To relieve this, builders and developers are looking into new land plays, 16 of which have already opened in the last six months. In looking for new land to bring to market, builders and developers are being forced into “new” areas in some cases. The build out of subdivisions south of the intersection of FM 1431 and Parmer Lane is driving new home activity up Ronald Reagan Boulevard into both Liberty Hill and Georgetown school districts sooner than those jurisdictions probably thought. The build out of activity in the southwest Austin corridor (read: Circle C) is pushing demand along FM 1826 as well as out west into the city of Dripping Springs. The distance the market has driven new home activity north (65% of all new home starts in Austin occur outside of 15 miles from Auditorium Shores) has led some developers to push east to provide relatively affordable product with quick access to downtown.
All of this is not to passive-aggressively say that I've witnessed anyone getting ahead of themselves in the market today. Rather, I paint this picture because we are approaching a market that is hot enough to cover up some less than ideal decision-making in the short term. However, as happens every 5 to 10 years in Austin, there are consequences to be had in the long run and we all benefit from a consistent trend of smart moves. At this point, I see three possible ways for the industry to outrun itself.
First, as every headline tells you, the strength of Austin’s market has been picked up on both national and international economies’ radar. To quote an international real estate investor, “I only invest in three places: London, New York, and Texas.” While we welcome out-of-market interest (for the most part) there is always the risk that they will make a decision that a local, seasoned player wouldn't. If enough of these are made consecutively, that has the potential to steer us into a negative direction. The prevention of this has been a 2014 goal year to date where the volume and diversity of interest passing through our offices is engaging and encouraging.
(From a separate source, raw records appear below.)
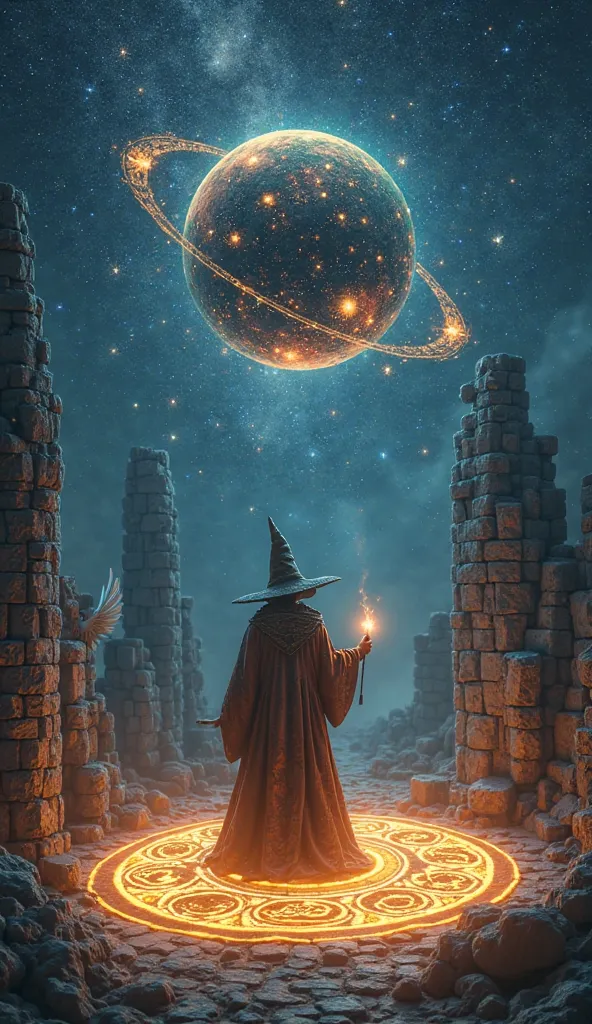 Tiny solar system floating in front of a wizard, the wizard is standing on glowing magic symbols, wizard's wand, one hand up,  wizard hat , Ruins, Starry Night,  intricate detail , original, seen from the front, Angel and demon on the sides,  detailed desc...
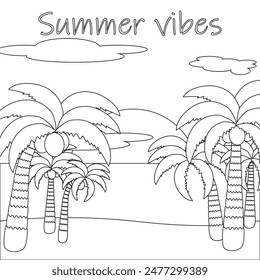 Detailed black and white vector illustration of a tropical beach with palm trees and clouds. Perfect for a summertime coloring activity.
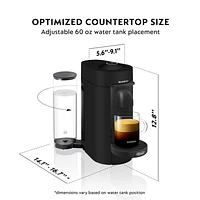 Nespresso ® by De'Longhi ® Matte Black VertuoPlus Coffee and Espresso Maker with Aeroccino Frother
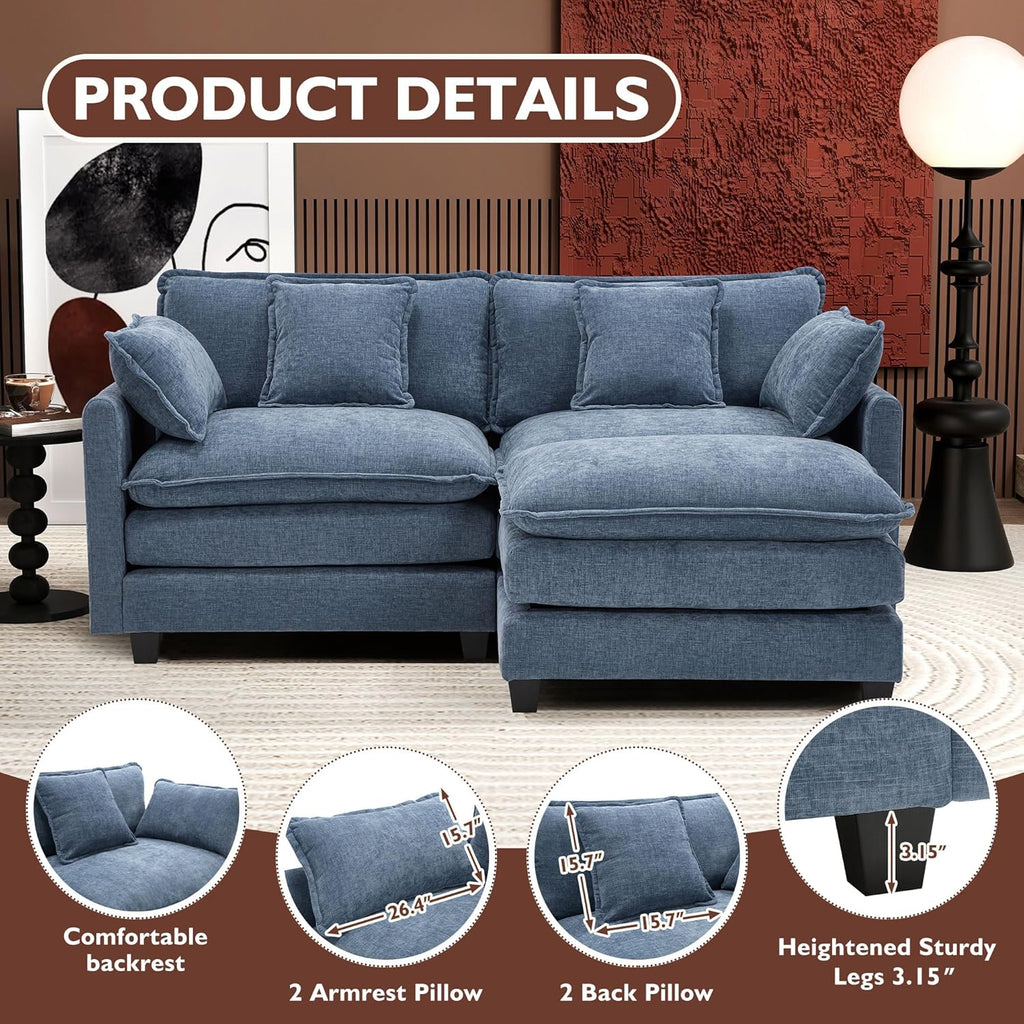 111.4 Inch L Shaped Modern Sofa Modular Cloud Sofa with Ottoman 4 Seater Chenille Deep Seat Sofa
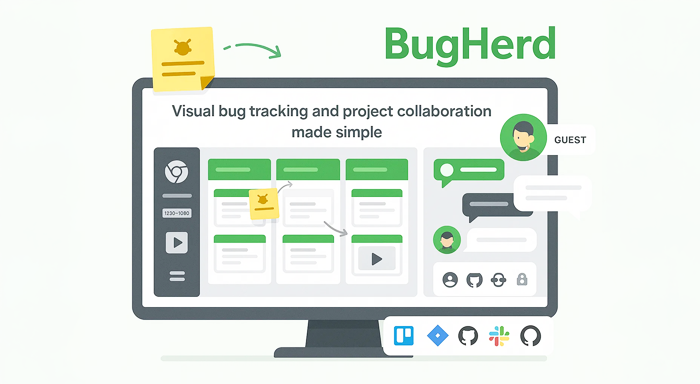 Illustration of BugHerd visual bug tracking tool showing Kanban board, task comments, guest access, and integrations with Trello, Jira, GitHub, and Slack.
Secondly, there is a risk (albeit a slight one) that we could move market prices upward with the folks we already have in the market today. During this recovery and expansion we've seen the Austin market move up the pricing spectrum away from the purely entry-level market (new construction priced under $150,000) due to rising construction and land costs as well as an attempt to target qualified buyers in the new mortgage environment. With more and more builders focusing their efforts on the market between $300,000 and $500,000 (and up), demand for such lots has gradually grown in a market that is rushing to play catch up on lot delivery as it is. High demand and sluggish supply is Economics 101.
The final potential risk has to do with pricing and absorption expectations as we move into new sub-markets. While path of growth is driving us into certain directions, it is important to ensure the pro-forma expectations are rational to the competitive set. Just because Crystal Falls (the #2 community in Austin) is getting X in Leander doesn't mean you can achieve X-1 in Liberty Hill. In the new market, comparisons go beyond distance and accessibility. In this market we've seen investors and developers prefer starting from the ground up rather than revitalize an existing subdivision based on the amenities needed and expected by today’s buyer.
All that being said, it is important to enjoy and to act on the strong market today. For my last Executive Briefing to our Austin members, I made it a point to try to dig into the optimistic headlines to find some downside and it proved a very difficult task to do. As we enter the next phase of our expansion (new subdivisions, new land prices, new buyer profile) it is important to continue to make the deals that make sense because you never know when the pigs will run out. I assumed the pigs would always be there and you know what they say about assuming…it makes you eat burgers instead of delicious roasted pork.